You have "logic" on your side, Miss J - I have "idiom" on mine


----------



## PaulQ

Parla said:


> In my opinion, both "try to" and "try and" are acceptable.


  

In Gramman's link to the Guardian, it is noted: 





> *10 Try and try again*
> Try to has traditionally been  regarded as more "correct" and try and as a colloquialism or worse.  ... Sometimes there is a good  case for try and – for example, if you want to avoid repeating the word  to in a sentence such as: "We're really going to try and win this one."


Note the phrase: "has traditionally been  regarded as more "correct"" - this gives no indication as to whether it *is* correct or not. 

I see try and <bare infinitive> as an idiom: hence it being more common in speech. As it is common in speech, then it is part of the language and thus, as correct as the "try to" version.

I think we must be careful and/to describe the language as it is, and not as we might like it to be.

(crosspost with Loob's idiom: idioms trump grammar.)


----------



## Miss Julie

"_Gonna_" is an idiom and part of the language, but we don't encourage people to use it!


----------



## Loob

Miss Julie said:


> "_Gonna_" is an idiom and part of the language, but we don't encourage people to use it!


"Gonna" isn't an idiom, Miss J - it's reflection of how people often pronounce the phrase "going to".

"I'm going to try and see X" is an idiomatic way of saying "I'm going to try to see X": I see no reason to discourage people from using it....


----------



## sdgraham

As you can see from the above, our British friends are wedded to their 'try and."

Since we have no designated authority of the English language, the debate could on forever. In other words, we have no august body to tell us whether a certain term is idiom or idiocy.

People who are accustomed to using a phrase while immersed in a sea of similar usage are not likely to accept comments that it's nonsense or incorrect or whatever.

I can affirm that it's *not* acceptable in the U.S. newspaper world and looks odd to most of us ex-colonists. Generally the issue does not ever arise on editing desks on this side of the pond because we seldom see it.

Back when it fell to me to edit some technical papers to be read not only on both sides of the bit water, but by non-native speakers as well, I was constantly excising the thing from documents written by native BE speakers.

We've been around this one before, e.g.

Try And/ Try To
Try first to make ...and then (to) reduce
Try TO do or try AND do? [ verb + and ]
Try to do/try doing/try and do
try to/and

I have no doubt that my treasured BE friends and acquaintances will try and cling to the usage and I'll try to ignore it.


----------



## Loob

sdgraham said:


> As you can see from the above, our British friends are wedded to their 'try and."...

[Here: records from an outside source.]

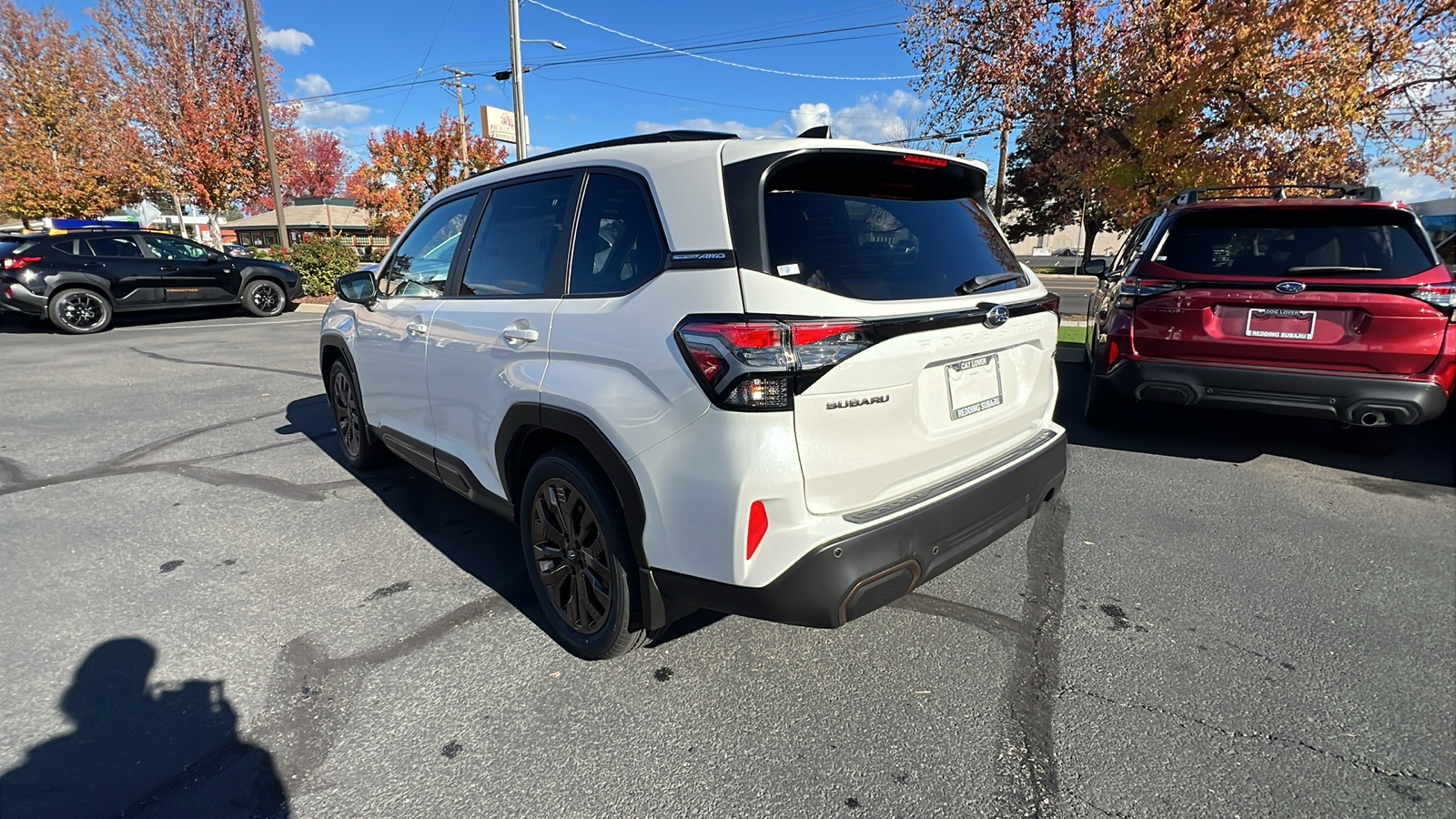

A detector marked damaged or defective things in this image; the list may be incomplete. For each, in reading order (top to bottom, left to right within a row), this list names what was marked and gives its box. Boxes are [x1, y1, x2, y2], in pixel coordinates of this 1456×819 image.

crack in asphalt [130, 347, 318, 379]
crack in asphalt [255, 592, 512, 786]
crack in asphalt [1059, 682, 1456, 793]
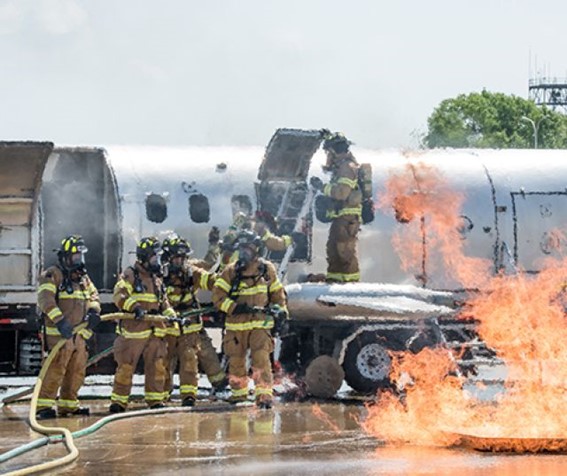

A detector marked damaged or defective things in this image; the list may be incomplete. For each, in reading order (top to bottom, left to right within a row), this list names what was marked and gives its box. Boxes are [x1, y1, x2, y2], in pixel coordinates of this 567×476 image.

charred metal panel [0, 141, 52, 290]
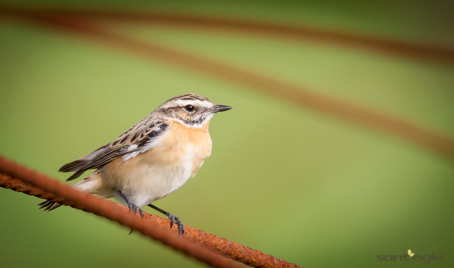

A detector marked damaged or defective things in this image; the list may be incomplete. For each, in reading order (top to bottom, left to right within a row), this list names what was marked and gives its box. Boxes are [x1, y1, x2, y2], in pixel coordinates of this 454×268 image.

rust texture on rod [0, 6, 452, 63]
rusted metal bar [0, 6, 452, 64]
rust texture on rod [6, 14, 454, 161]
rusted metal bar [0, 155, 302, 268]
rusty metal rod [0, 155, 302, 268]
rust texture on rod [0, 157, 304, 268]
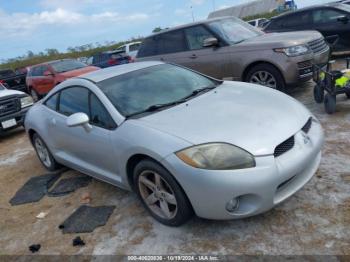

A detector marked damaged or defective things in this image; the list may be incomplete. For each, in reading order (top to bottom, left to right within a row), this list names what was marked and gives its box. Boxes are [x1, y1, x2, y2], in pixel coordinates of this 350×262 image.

cracked headlight [176, 143, 256, 170]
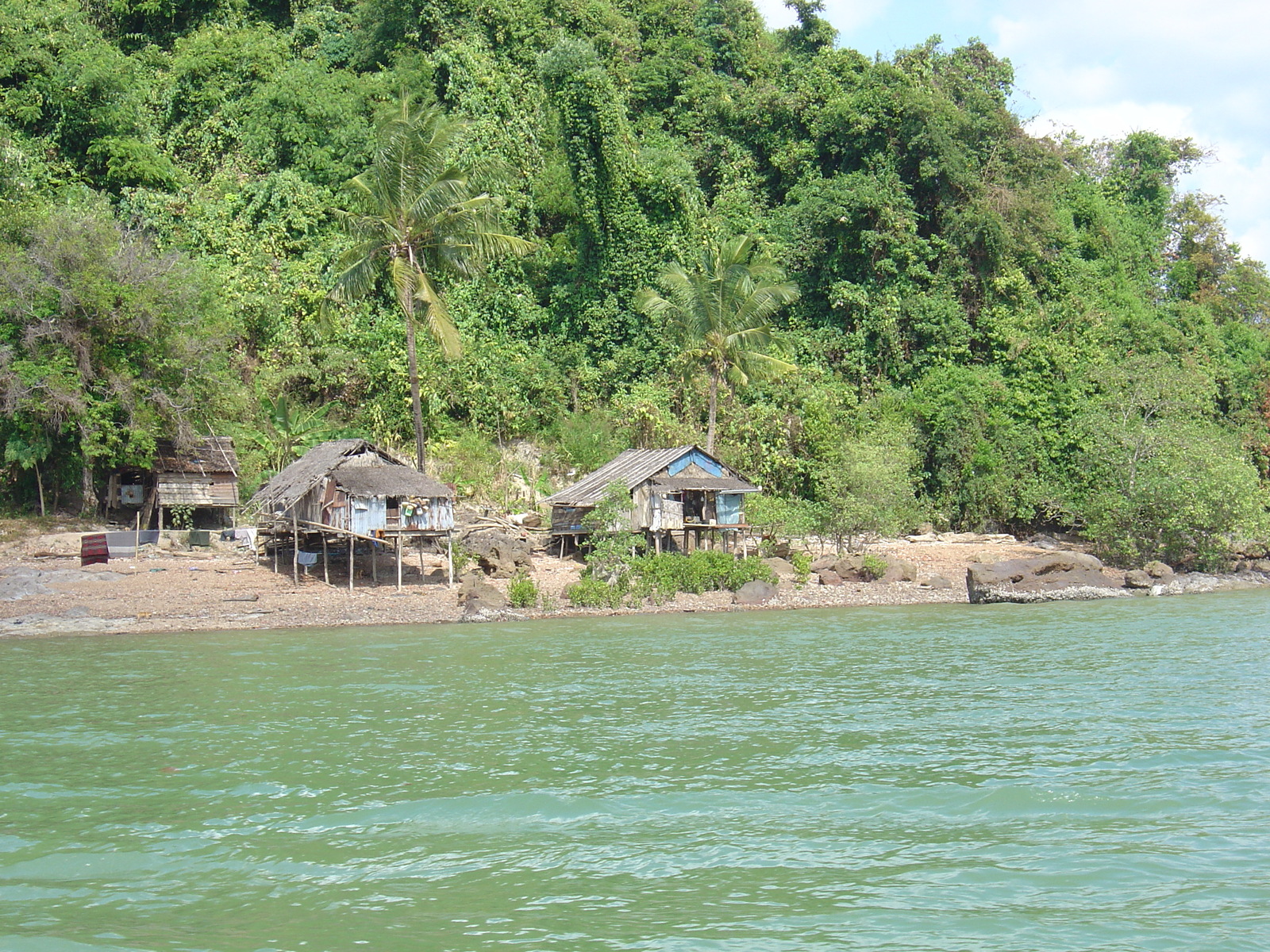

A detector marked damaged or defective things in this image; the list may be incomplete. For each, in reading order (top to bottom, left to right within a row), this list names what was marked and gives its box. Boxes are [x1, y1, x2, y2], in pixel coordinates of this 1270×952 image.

rusty metal roof [543, 449, 752, 510]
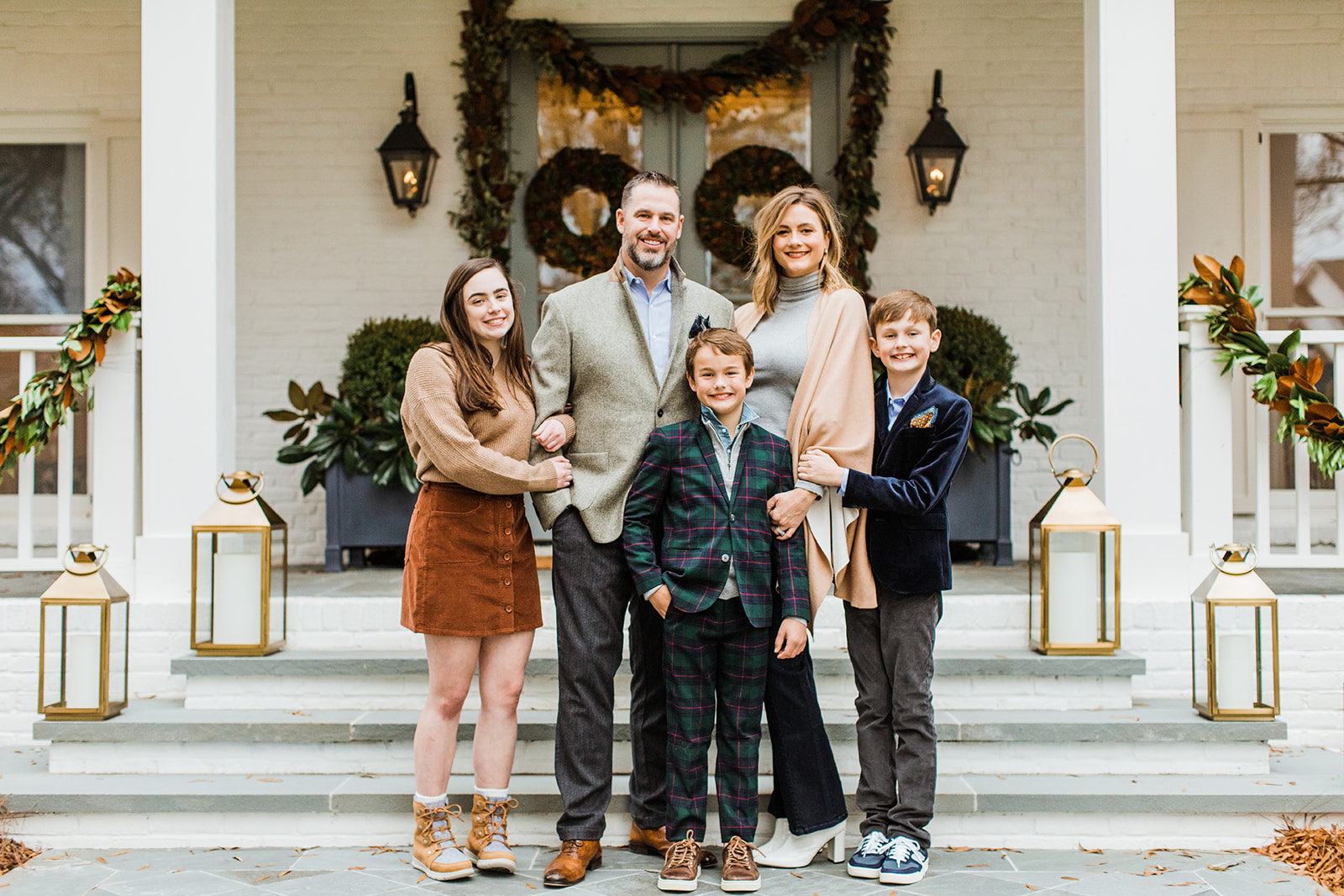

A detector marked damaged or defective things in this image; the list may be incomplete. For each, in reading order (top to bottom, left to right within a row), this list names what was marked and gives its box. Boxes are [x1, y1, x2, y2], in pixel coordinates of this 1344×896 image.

rust corduroy skirt [397, 483, 540, 637]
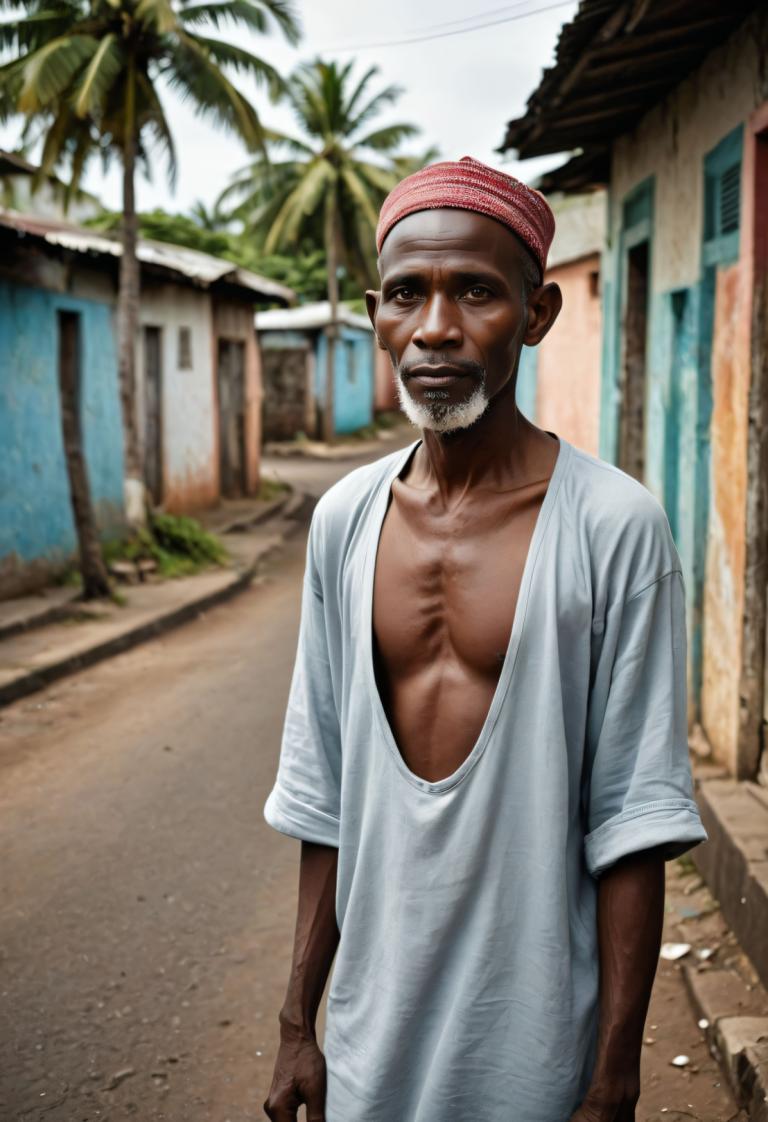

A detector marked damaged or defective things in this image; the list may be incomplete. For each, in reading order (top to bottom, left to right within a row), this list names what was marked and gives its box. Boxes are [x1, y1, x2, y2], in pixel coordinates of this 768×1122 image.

rusty roof [500, 0, 759, 166]
peeling paint wall [0, 273, 124, 596]
rusty roof [0, 209, 294, 307]
peeling paint wall [606, 8, 768, 776]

I'm intrigued, sdg - the previous threads seem to indicate that "try and" is just as common in AmE as it is in BrE.


----------



## lucas-sp

I'm with Loob and Paul here - "try and" (or, in speech, "try-hn") is a very common feature of AE.

My advice to a student of English would be: You should expect that you will hear "try and" to mean "try to," so you should learn to recognize it and what it means. If you are writing or speaking in a more formal situation, you should always use "try to," because "try to" is always acceptable.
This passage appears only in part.